In tale direzione precisa Benedetto XVI come “la negazione del diritto a professare pubblicamente la propria religione e ad operare perché le verità della fede informino di sé anche la vita pubblica comporta conseguenze negative sul vero sviluppo. L’esclusione della religione dall’ambito pubblico come, per altro verso, il fondamentalismo religioso, impediscono l’incontro tra le persone e la loro collaborazione per il progresso dell’umanità. La vita pubblica si impoverisce di motivazioni e la politica assume un volto opprimente e aggressivo. I diritti umani rischiano di non essere rispettati o perché vengono privati del loro fondamento trascendente o perché non viene riconosciuta la libertà personale. Nel laicismo e nel fondamentalismo si perde la possibilità di un dialogo fecondo e di una proficua collaborazione tra la ragione e la fede religiosa. La ragione ha sempre bisogno di essere purificata dalla fede, e questo vale anche per la ragione politica, che non deve credersi onnipotente. A sua volta, la religione ha sempre bisogno di venire purificata dalla ragione per mostrare il suo autentico volto umano. La rottura di questo dialogo comporta un costo molto gravoso per lo sviluppo dell’umanità” (n. 56).

I diritti fondamentali, del resto, non possono essere separati dai diritti sociali, poiché anch’essi riflettono la dignità della persona: “I poveri in molti casi sono il risultato della violazione della dignità del lavoro umano, sia perché ne vengono limitate le possibilità (disoccupazione, sotto-occupazione), sia perché vengono svalutati i diritti che da esso scaturiscono, specialmente il diritto al giusto salario, alla sicurezza della persona del lavoratore e della sua famiglia” (n. 63). Per riuscire in tutto ciò, in conclusione, tuttavia, occorre – specialmente per i giuristi – tenere e mantenere e mantenersi nel solco dell’umanesimo cristiano rigettando ogni visione materialistica e immanentistica della storia e dell’uomo che si risolve per essere tanto anti-umana in quanto anti-cristiana.
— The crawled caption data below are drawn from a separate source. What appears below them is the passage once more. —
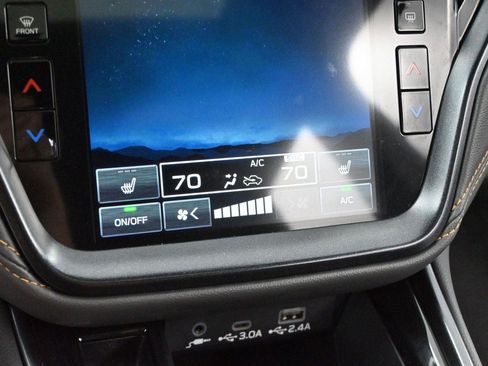 Used 2024 Subaru Outback Wilderness AWD/4WD image 21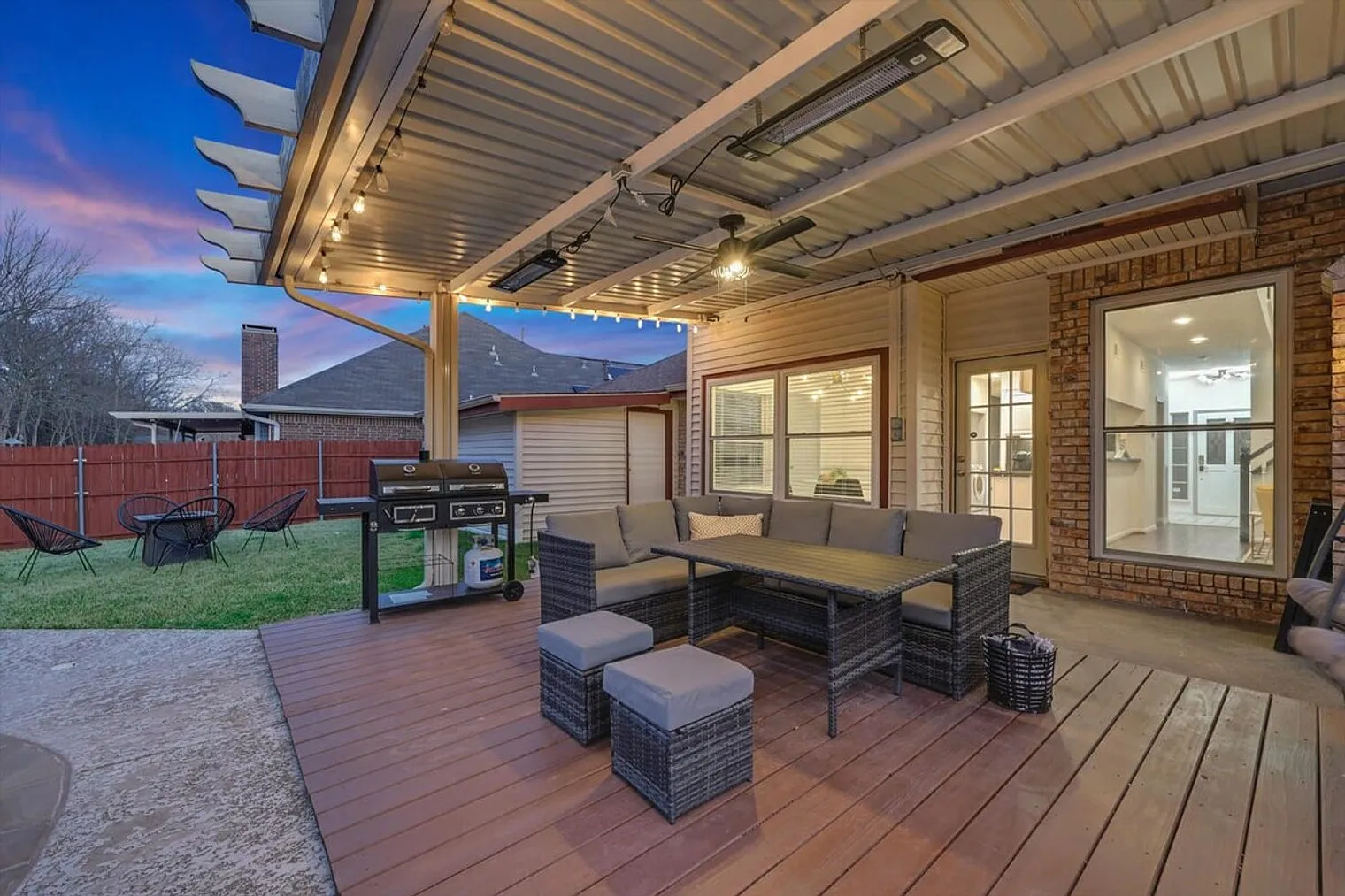 4 bed, 2.0 bath, 1872 sqft, $7,613 — Photo 4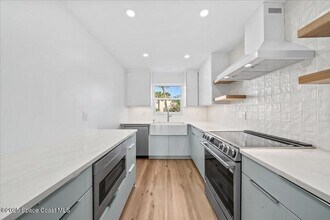 201 Fifth Ave in Melbourne Beach, FL - Building Photo - Building Photo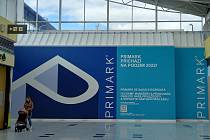 V nákupním centru Olympia v Modřicích letos otevře prodejna Primark. Bude teprve druhou v republice.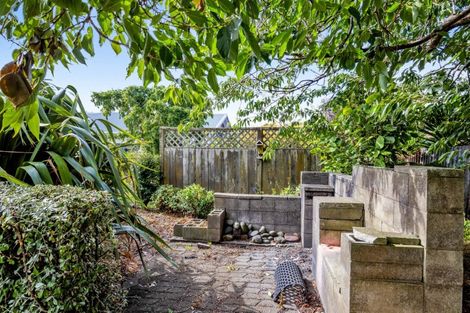 Photo of property in 18 Cameron Street, Hawera, 4610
Sempre con le dense parole di chiusura della Caritas in veritate, infatti, “la disponibilità verso Dio apre alla disponibilità verso i fratelli e verso una vita intesa come compito solidale e gioioso. Al contrario, la chiusura ideologica a Dio e l’ateismo dell’indifferenza, che dimenticano il Creatore e rischiano di dimenticare anche i valori umani, si presentano oggi tra i maggiori ostacoli allo sviluppo. L’umanesimo che esclude Dio è un umanesimo disumano. Solo un umanesimo aperto all’Assoluto può guidarci nella promozione e realizzazione di forme di vita sociale e civile — nell’ambito delle strutture, delle istituzioni, della cultura, dell’ethos — salvaguardandoci dal rischio di cadere prigionieri delle mode del momento. È la consapevolezza dell’Amore indistruttibile di Dio che ci sostiene nel faticoso ed esaltante impegno per la giustizia, per lo sviluppo dei popoli, tra successi e insuccessi, nell’incessante perseguimento di retti ordinamenti per le cose umane. L’amore di Dio ci chiama ad uscire da ciò che è limitato e non definitivo, ci dà il coraggio di operare e di proseguire nella ricerca del bene di tutti, anche se non si realizza immediatamente, anche se quello che riusciamo ad attuare, noi e le autorità politiche e gli operatori economici, è sempre meno di ciò a cui aneliamo. Dio ci dà la forza di lottare e di soffrire per amore del bene comune, perché Egli è il nostro Tutto, la nostra speranza più grande” (n. 78).